David Alsh
David Alsh

Reputation: 7609

tsconfig "paths" are compiled and included by tsc? How can you stop this?

Imagine the following project structure

/src
  index.ts
  a.ts
/external
  external.ts

When using the following tsconfig.json:

{
  "compilerOptions": {
    "outDir": "dist",
    "declarationDir": "dist",
    "declaration": true,
    "baseUrl": "./src",
    "paths": {
      "@external/*": "../external/*"
    }
  },
  "exclude": [
    "dist"
  ]
}

The output will contain the external package

/dist
  /src
    a.d.ts
    a.js
    index.d.ts
    index.js
  /external
    external.d.ts
    external.js

When what I wanted was

/dist
  a.d.ts
  a.js
  index.d.ts
  index.js

Even when I add "external" in the exclude option, it still compiles and includes the external package.

Is there a way to avoid compiling the external module and consume it as it is?

EDIT: For context, the external module is compiled separately. The path is simply for getting types at dev time.

Upvotes: 3

Views: 2063

Answers (2)

Fahd Lihidheb
Fahd Lihidheb

Reputation: 710

you can use webpack configs like so

const webpack = require('webpack');

module.exports = {
  externals: {
    '@external': 'external'
  }
};

and build your applications with --extraWebpackConfig webpack.extra.js.

Upvotes: 0

ford04
ford04

Reputation: 74500

TS compiles all files in the project directory per default.
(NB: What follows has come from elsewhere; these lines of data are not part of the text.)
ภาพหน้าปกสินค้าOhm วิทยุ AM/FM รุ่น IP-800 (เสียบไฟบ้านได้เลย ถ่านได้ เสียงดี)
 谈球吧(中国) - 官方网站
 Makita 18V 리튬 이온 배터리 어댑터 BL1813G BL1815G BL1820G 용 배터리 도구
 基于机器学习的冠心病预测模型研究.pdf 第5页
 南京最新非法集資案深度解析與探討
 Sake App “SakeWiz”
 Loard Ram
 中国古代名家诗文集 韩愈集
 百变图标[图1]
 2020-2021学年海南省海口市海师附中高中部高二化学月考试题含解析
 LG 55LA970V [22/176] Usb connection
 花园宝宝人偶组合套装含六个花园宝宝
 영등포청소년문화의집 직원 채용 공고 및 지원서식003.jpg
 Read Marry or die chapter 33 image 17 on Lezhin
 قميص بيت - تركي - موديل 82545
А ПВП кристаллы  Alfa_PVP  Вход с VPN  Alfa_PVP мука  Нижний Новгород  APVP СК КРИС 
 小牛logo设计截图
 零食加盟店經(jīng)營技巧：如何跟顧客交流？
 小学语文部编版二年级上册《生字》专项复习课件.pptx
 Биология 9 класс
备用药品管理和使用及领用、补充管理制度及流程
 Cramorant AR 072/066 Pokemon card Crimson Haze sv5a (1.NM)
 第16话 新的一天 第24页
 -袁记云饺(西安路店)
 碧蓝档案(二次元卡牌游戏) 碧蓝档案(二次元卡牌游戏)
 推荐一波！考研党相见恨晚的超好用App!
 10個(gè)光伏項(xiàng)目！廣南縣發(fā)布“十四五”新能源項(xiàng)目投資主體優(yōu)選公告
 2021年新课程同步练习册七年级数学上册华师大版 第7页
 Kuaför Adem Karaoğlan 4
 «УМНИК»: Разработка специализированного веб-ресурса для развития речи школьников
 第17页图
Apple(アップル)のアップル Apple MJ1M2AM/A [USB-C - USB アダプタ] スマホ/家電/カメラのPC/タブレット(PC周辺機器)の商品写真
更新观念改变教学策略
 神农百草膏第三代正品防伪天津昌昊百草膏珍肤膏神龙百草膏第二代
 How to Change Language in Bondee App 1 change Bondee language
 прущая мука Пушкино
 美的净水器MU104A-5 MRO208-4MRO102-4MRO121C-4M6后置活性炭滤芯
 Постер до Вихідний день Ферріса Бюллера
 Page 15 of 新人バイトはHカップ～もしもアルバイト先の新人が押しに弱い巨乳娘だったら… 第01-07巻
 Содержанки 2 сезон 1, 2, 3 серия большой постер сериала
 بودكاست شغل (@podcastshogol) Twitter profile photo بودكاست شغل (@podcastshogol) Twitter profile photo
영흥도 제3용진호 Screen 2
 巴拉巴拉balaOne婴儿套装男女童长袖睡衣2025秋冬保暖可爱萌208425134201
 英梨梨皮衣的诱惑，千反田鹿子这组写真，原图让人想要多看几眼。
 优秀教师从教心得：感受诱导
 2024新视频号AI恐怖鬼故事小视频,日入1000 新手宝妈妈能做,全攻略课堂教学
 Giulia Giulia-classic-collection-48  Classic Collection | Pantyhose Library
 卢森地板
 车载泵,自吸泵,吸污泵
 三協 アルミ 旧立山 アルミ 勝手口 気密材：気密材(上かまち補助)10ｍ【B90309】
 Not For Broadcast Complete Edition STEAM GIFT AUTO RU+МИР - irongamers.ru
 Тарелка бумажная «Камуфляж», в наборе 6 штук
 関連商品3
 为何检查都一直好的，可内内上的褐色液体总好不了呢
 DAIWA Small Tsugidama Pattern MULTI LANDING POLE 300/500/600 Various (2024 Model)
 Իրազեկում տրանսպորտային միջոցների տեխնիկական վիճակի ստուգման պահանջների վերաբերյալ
You can exclude input files, but if you import something from ../external/* via module resolution, there is no way to exclude the module.

What is happening is: TS sees, that one compilation source is outside ./src (external.ts) and sets its rootDir config option automatically to be the parent folder of ./src and ./external. That is the reason, why you get the additional nesting in ./dist.

So what to do? You can rename the external.ts file to a .d.ts extension, so a) you still have the types, b) the compiler will see the file only as input and doesn't create nested output in ./dist anymore. (But I am not sure, how your separate build works.)

In addition, it could probably be a good idea to set the external module as separate npm package, which you then will have placed in node_modules via npm link or other mechanisms. The compiler doesn't compile them per default, so it also solves your issue.